Image-text web data:
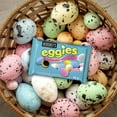 thumbnail image 3 of HERSHEY'S EGGIES Milk Chocolate Candy Coated Easter Eggs, 3 of 5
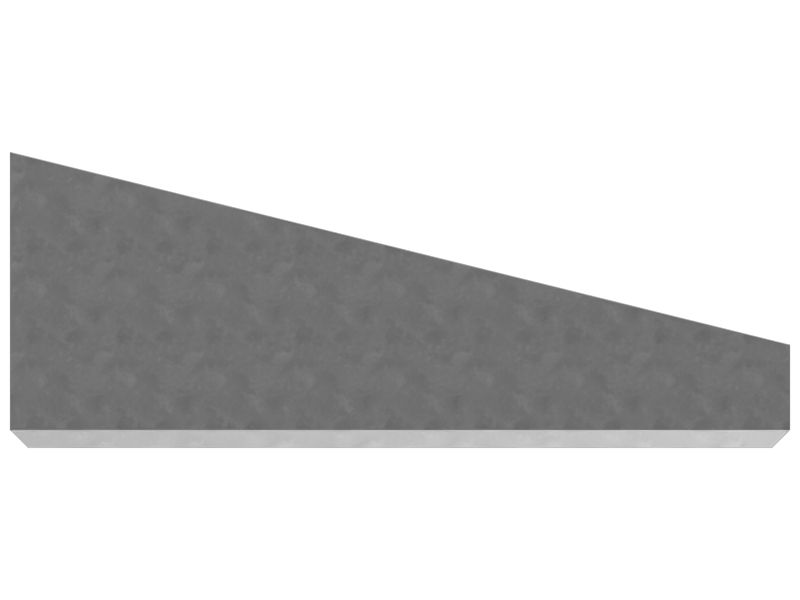 НАКЛАДКА В СБОРЕ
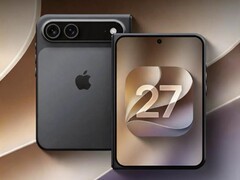 苹果已经准备2年时间 折叠屏iPhone将在9月发布？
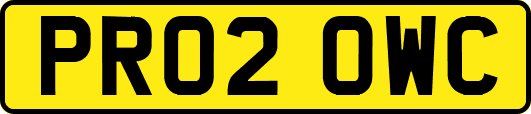 PR02OWC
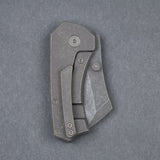 Dutchman Knife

Task requirements: Your reply should be the full data above, copied exactly, with no pictures in it.

Written answer:
 thumbnail image 3 of HERSHEY'S EGGIES Milk Chocolate Candy Coated Easter Eggs, 3 of 5
 НАКЛАДКА В СБОРЕ
 苹果已经准备2年时间 折叠屏iPhone将在9月发布？
 PR02OWC
 Dutchman Knife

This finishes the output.